Data provided =
□ □ □ □

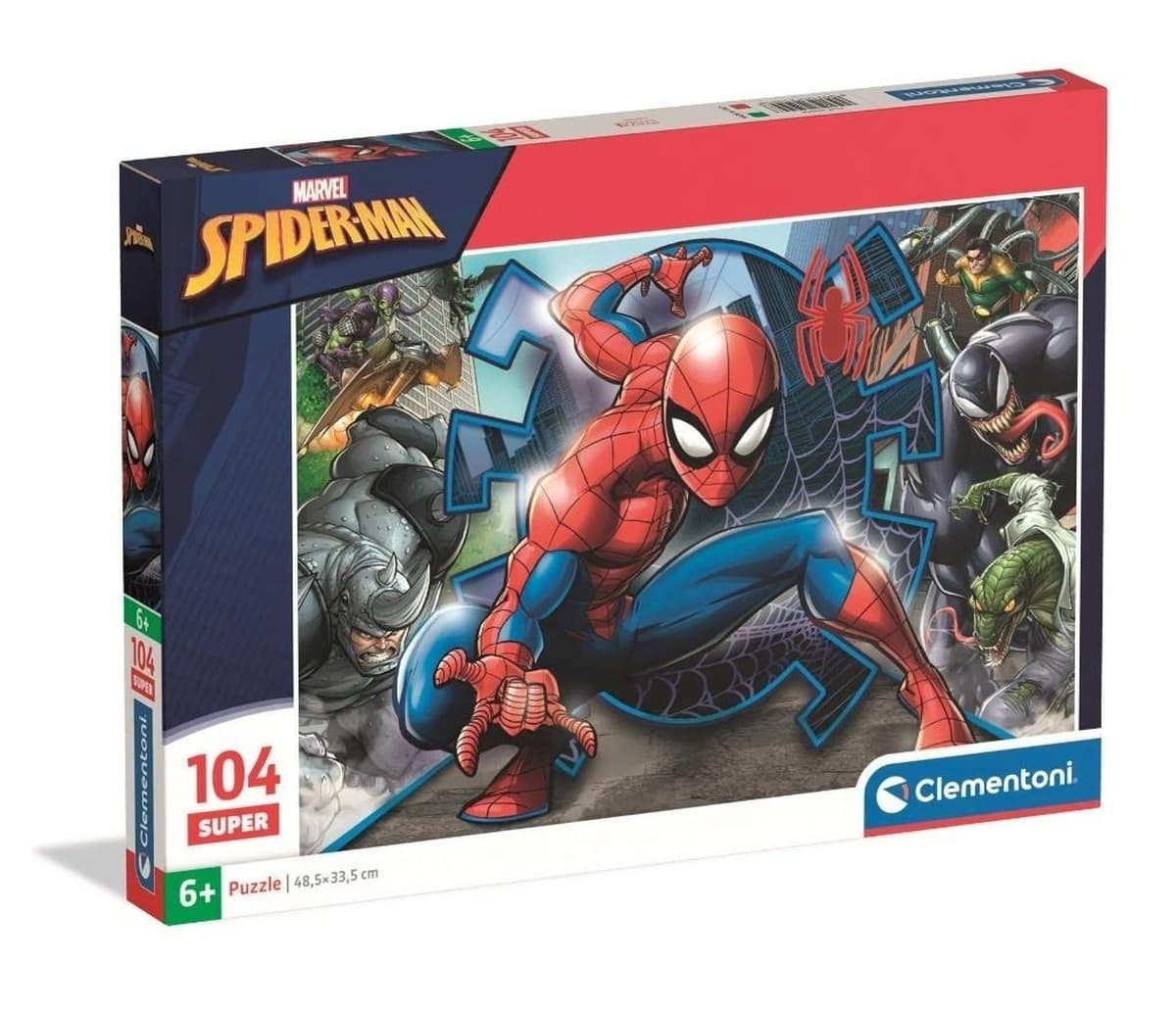Puzzle Super Color Spider-Man 104 elementy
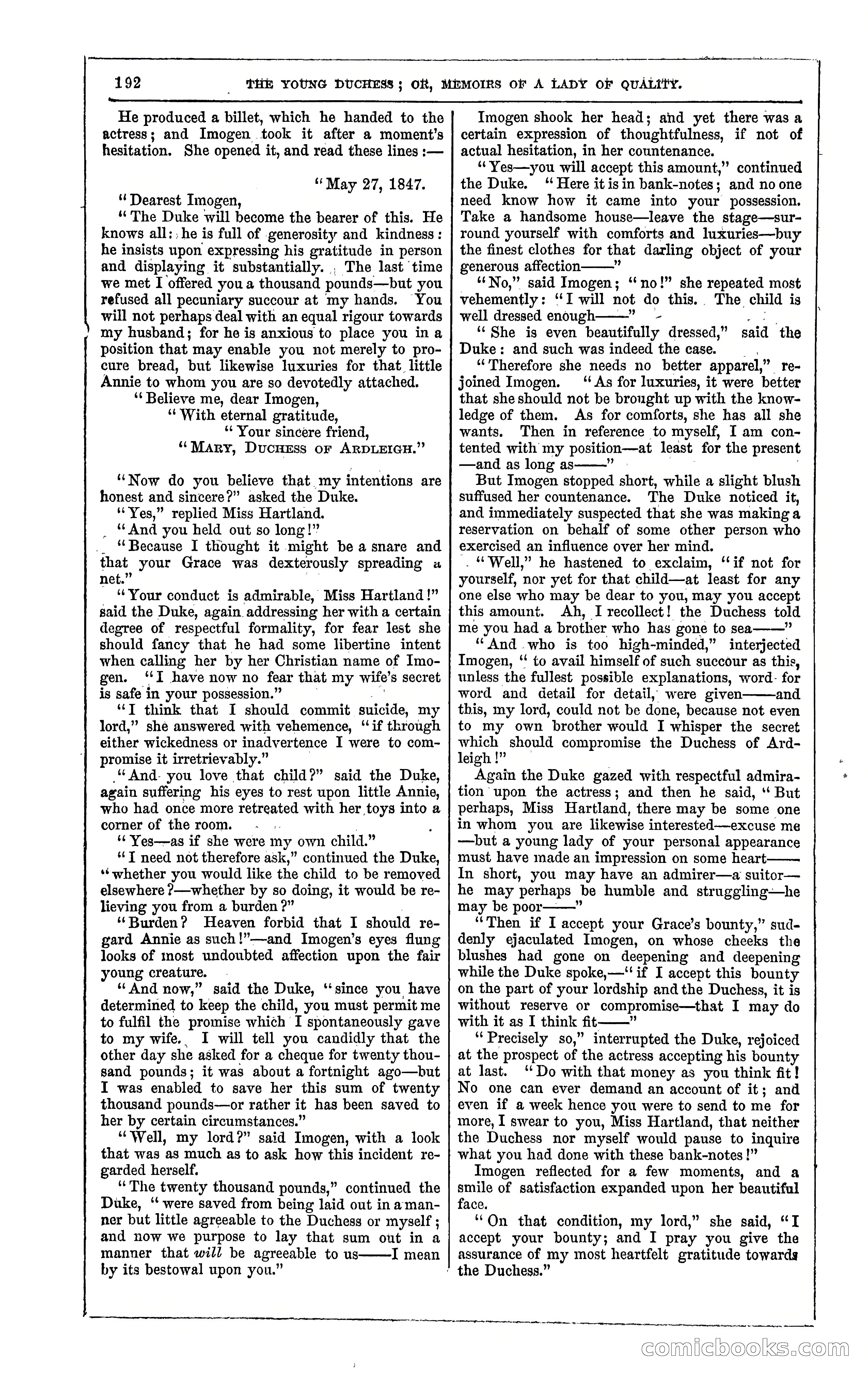 The Young Duchess; or, Memoirs of a Lady of Quality — page 206 of 400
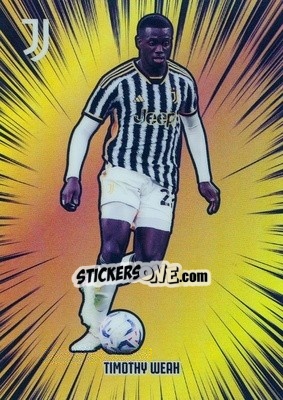 Cromo Timothy Weah - Juventus 2023-2024
 n. SP-10g - DAKA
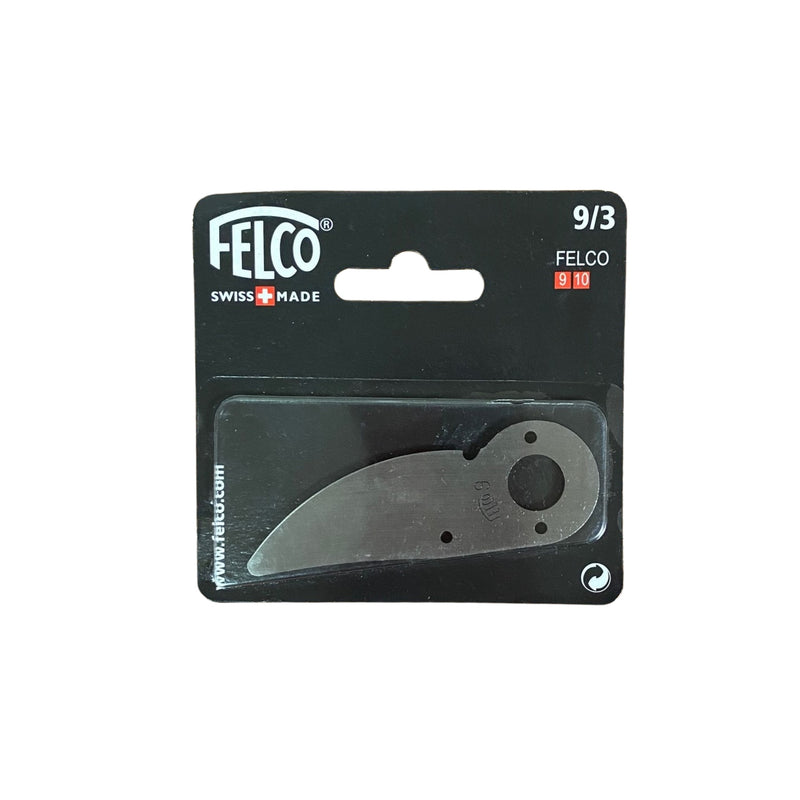 a pruning blade in black packaging with the label Felco 9/3 against a white background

□ □ □ □

Using the records above, retype everything exactly except the pictures.

Solution to the exercise =
Puzzle Super Color Spider-Man 104 elementy
 The Young Duchess; or, Memoirs of a Lady of Quality — page 206 of 400
 Cromo Timothy Weah - Juventus 2023-2024
 n. SP-10g - DAKA
 a pruning blade in black packaging with the label Felco 9/3 against a white background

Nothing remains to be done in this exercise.